# State Record Carp-any pics???



## CarpCommander (Jun 20, 2007)

Just curious, do any pics exist of our current rod/reel carp record from Paint Creek? 

It's an OLD record, but if indeed it was 50lbs at 40", I'd love to see it!


----------



## PAYARA (Apr 7, 2004)

As far as I know,there are no pics of this fish.I've always doubted
the record,for a number of reasons and will continue to do so until
I see the proof.


----------



## CarpCommander (Jun 20, 2007)

Ya, me too. Didn't wanna come right out and say that, but...

A dead even 50lbs? Maybe-it was taken before digital scales I'm sure. And the length seems a tad short for a 50lb'er, but not impossible. The thing that has me doubtful is the location mostly, and lack of a pic.


----------



## salmon king (Aug 20, 2008)

CarpCommander said:


> Ya, me too. Didn't wanna come right out and say that, but...
> 
> A dead even 50lbs? Maybe-it was taken before digital scales I'm sure. And the length seems a tad short for a 50lb'er, but not impossible. The thing that has me doubtful is the location mostly, and lack of a pic.


I wonder what it was caught on.. Maybee imaginary dough balls lol


----------



## crappielooker (Apr 5, 2004)

I'm with u all as well. I would love to see the proof also. Sayin' it is one thing, seein' it would be better for sure.


----------



## crappielooker (Apr 5, 2004)

I'm with u all as well. I would love to see the proof also. Sayin' it is one thing, seein' it would be better for sure.
Greg, where have u been man? What u been up to dood??


----------



## PAYARA (Apr 7, 2004)

If there was indeed a fish of 50lbs submitted,I suspect a case
of mistaken identity...by that I mean,it was probably a buffalo
(there were no grass carp in Ohio at the time to be confused 
with)If someone today came and said they had a 50 out of Paint 
Creek Res.I'd be more inclined to believe it,but still I need visual 
proof.And by the way the reservoir didn't exist at the time this 
fish was said to be taken.

People have tried to make the argument that there is 50lb catfish
in Paint Creek (the actual creek) and there very well may be,but 
that doesn't mean that it ever produced a 50lb common carp.A
50lb carp and a 50lb catfish are worlds apart.
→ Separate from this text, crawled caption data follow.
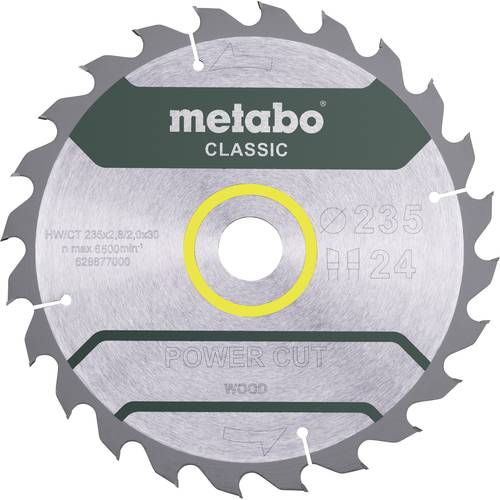 Thumbnail - Metabo 628677000 Kreissägeblatt 235 x 30 x 2 mm Zähneanzahl: 24 1 St.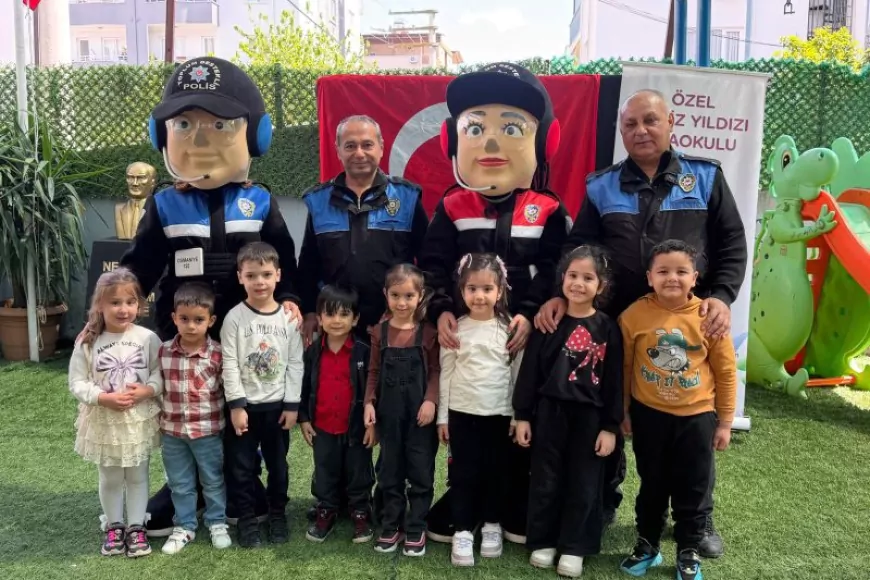 Osmaniye’de Öğrencilere “Poli” Robot ile Güvenlik Eğitimi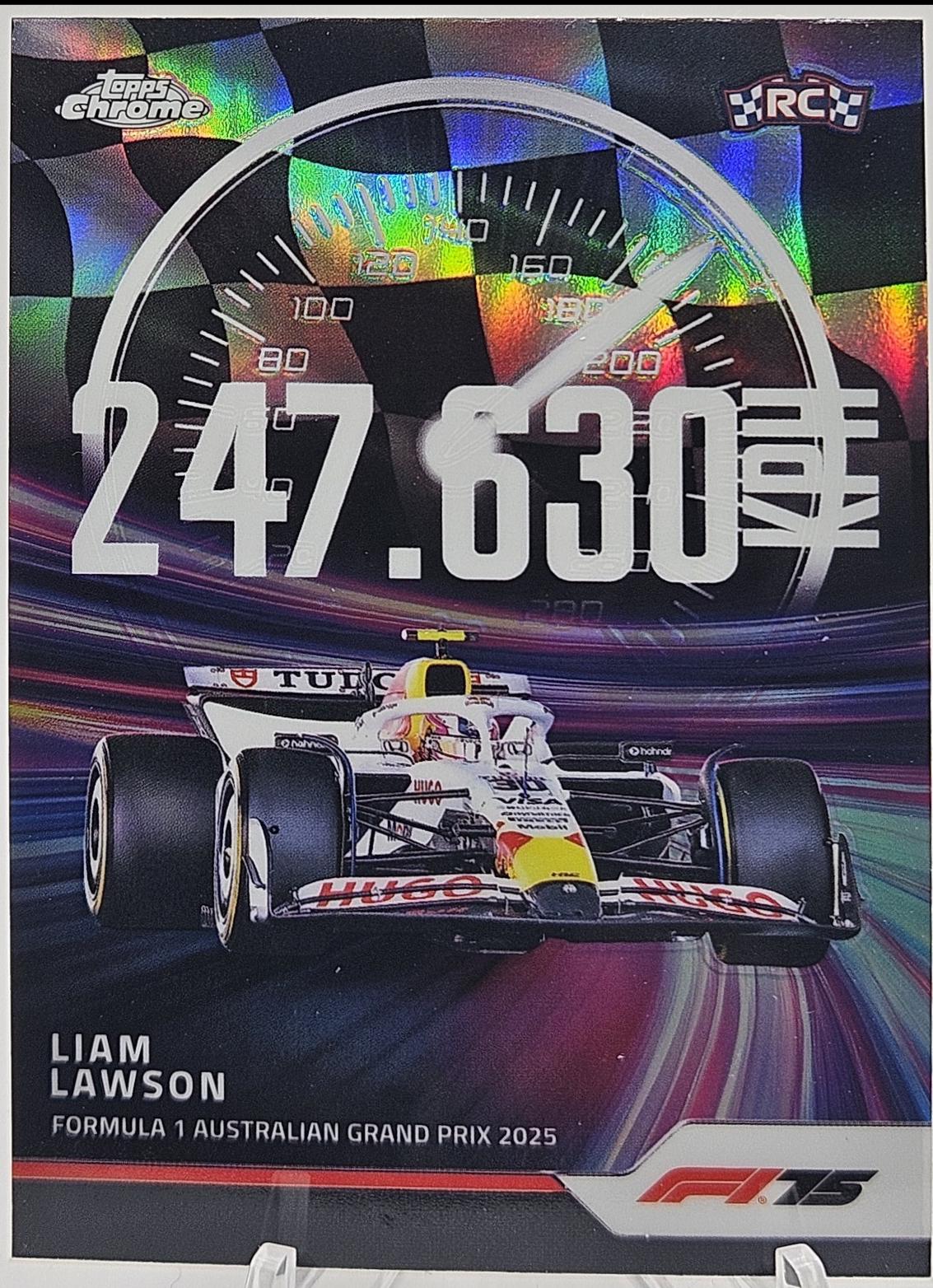 Liam Lawson [Orange Refractor] #TS-6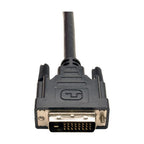 Tripp Lite P564-001 DVI cable 12.2" (0.31 m) DVI-D 2 x DVI-D Black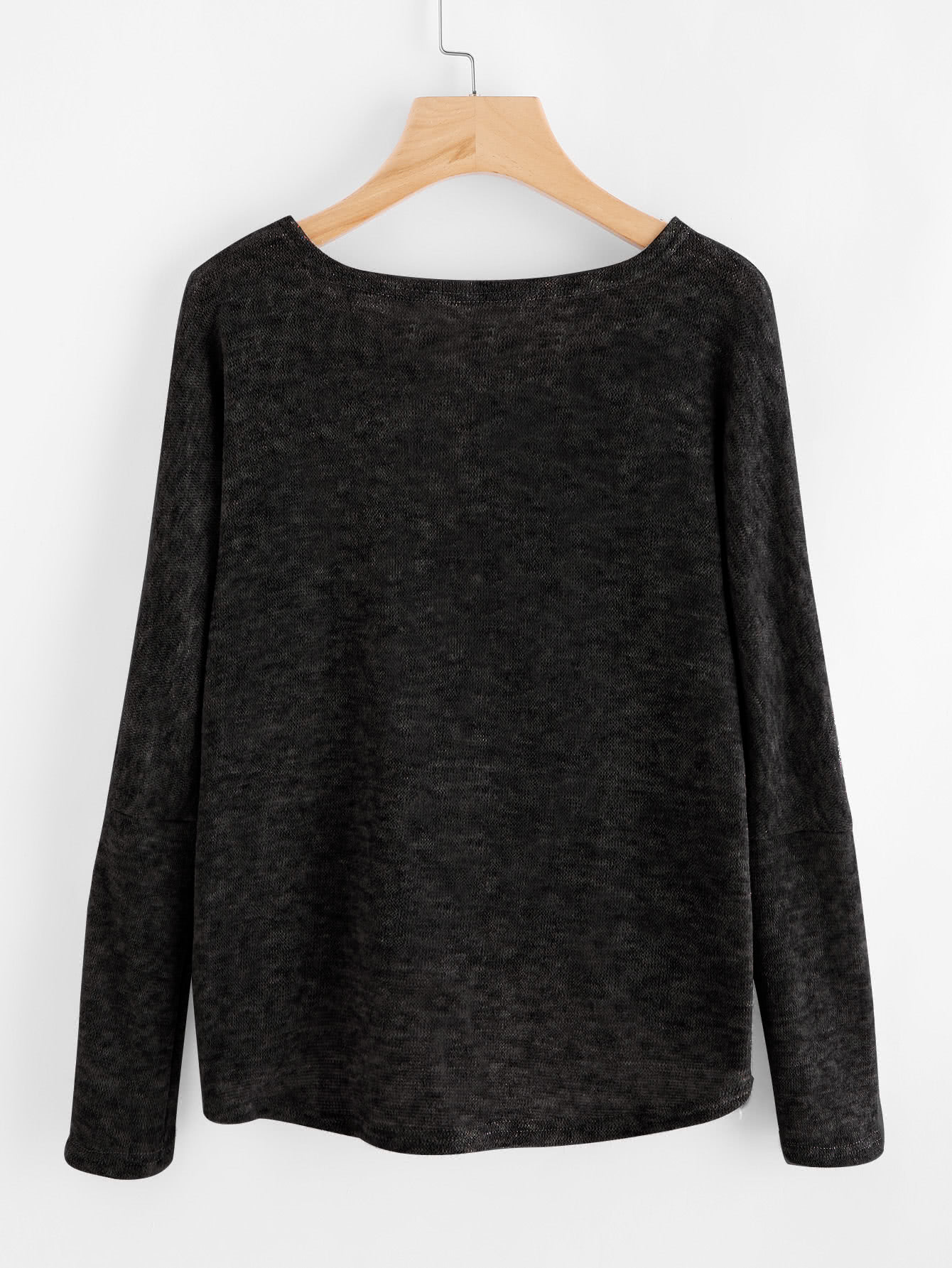 Suéter asimétrico con bolsillo en contraste Spanish Romwe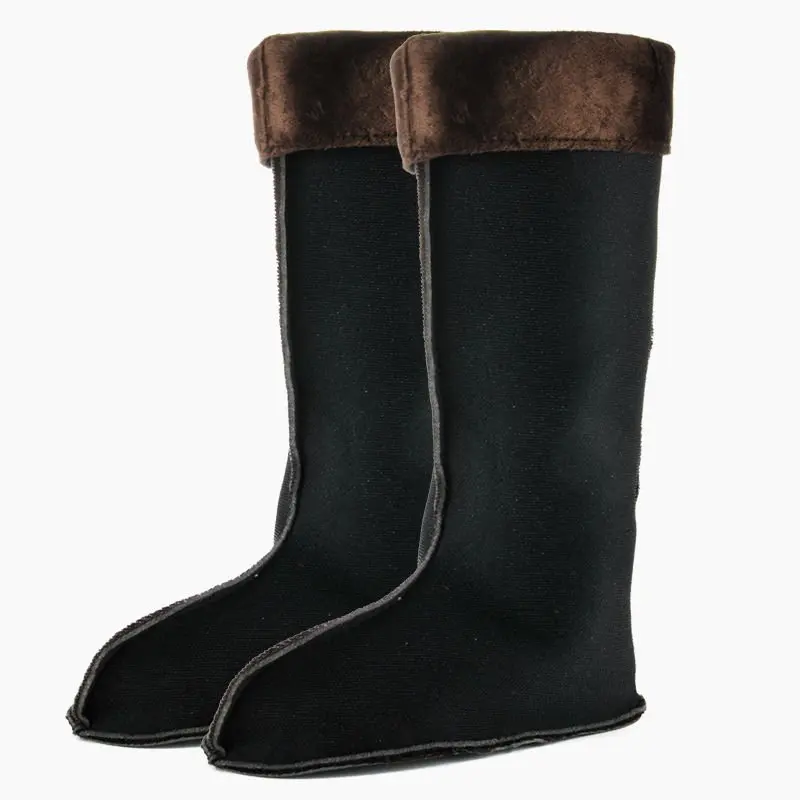 Winter High Tube Rain Boots Liner  boot Lining Cotton Cover Fleece Warm Water Shoes Rain Boots Lining Socks Velvet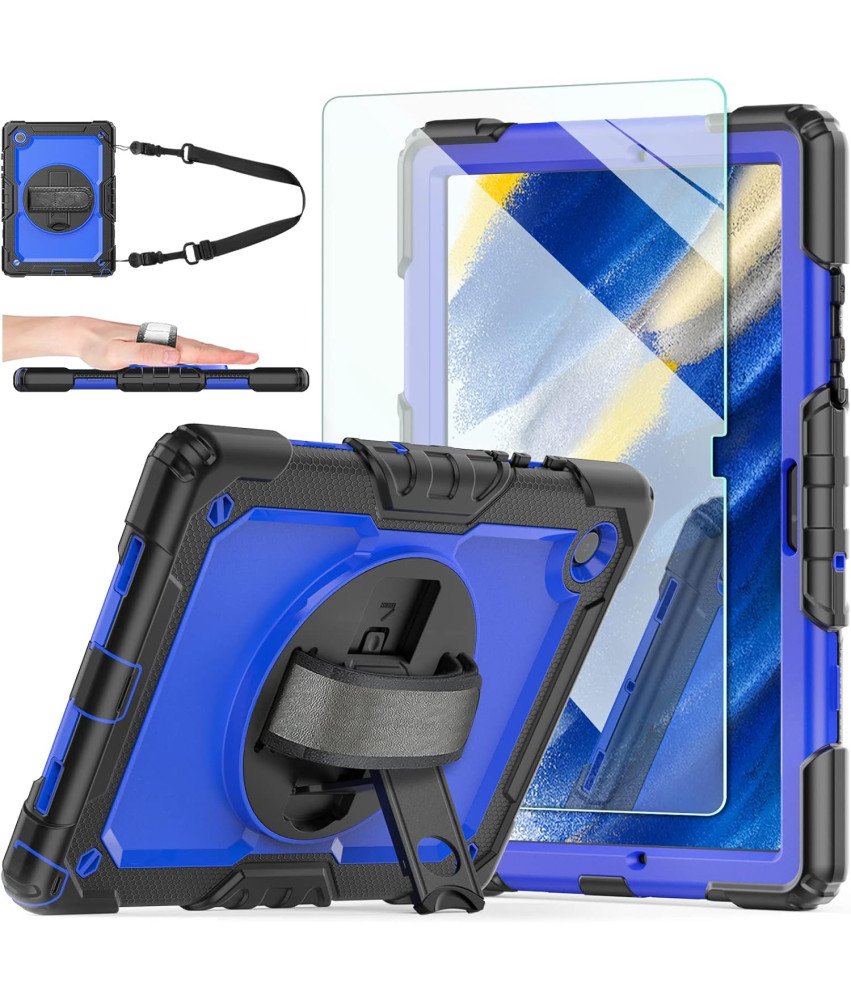Etui do iPad Air 3/Pro 10.5” z Podstawką i Paskiem na Ramię Niebieskie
Ak-I'm still around dood,still fishing.....get a hold of me.


----------



## cwcarper (Apr 5, 2004)

Anything is possible - but I'm with the rest of you, more than just a bit skeptical. Too many of the older records are already questionable - throw in a fish that no one cares too much about and I could easily see a buffalo entered for the state record. Doesn't really matter either way unless someone turns up proof that can either prove or disprove the record - 50 lbs is still the target. I'm sure there are a few 50+ swimming in Ohio waters (most in Erie or its tribs) - but I don't see the record falling anytime soon.


----------



## samfishdyt (Sep 15, 2010)

I have to agree with everyone. The "State Record" carp for ohio was entered in 1967. At that time people disliked carp even more than they do now. Ask any fisherman who fishes for carp, when you tell some other fisherman about a great catch the first look is confussion. Also ask any carp fisherman who fish regularly for them what their largest catch is. If you look at the WORLD record carp is is 87? lbs, caught in Europe, where they're a prized game fish.


----------



## BassBoss (Mar 5, 2011)

I found one, a common carp 45 lbs in my old neighborhood Dead, 46ish inches long, i didnt have a tapemeasure so i used line and measured it, I couldnt get my arms around it, the thing was scaryyy.


----------



## BassBoss (Mar 5, 2011)

I think I have a spot where one thats 50+ is swimming but its private =( i gotta 30lber there two days ago.


----------



## lakota (Oct 28, 2009)

a 30 pounder has got to be a blast to land. 10 years ago my wife and I were staying in a campground in Kentucky and were cathing lots of 1-2lb bass. My wife went around the corner where I couldnt see her. About 2 minutes later she starts screaming for me to come quick I ran over there and sunning its self in the shallows was the biggest carp I have ever seen it had to be all of 5 feet long and I am not 100% positive but I think it was a common and not a grass carp. That thing looked like a small golden shark. I regretted not bringing any carp tackle on that outing.


----------



## BassBoss (Mar 5, 2011)

It was. It took me 15 minutes to net it with 10 pound test line, a few times I only had 10 feet of line left when it finished a run, it was intense


----------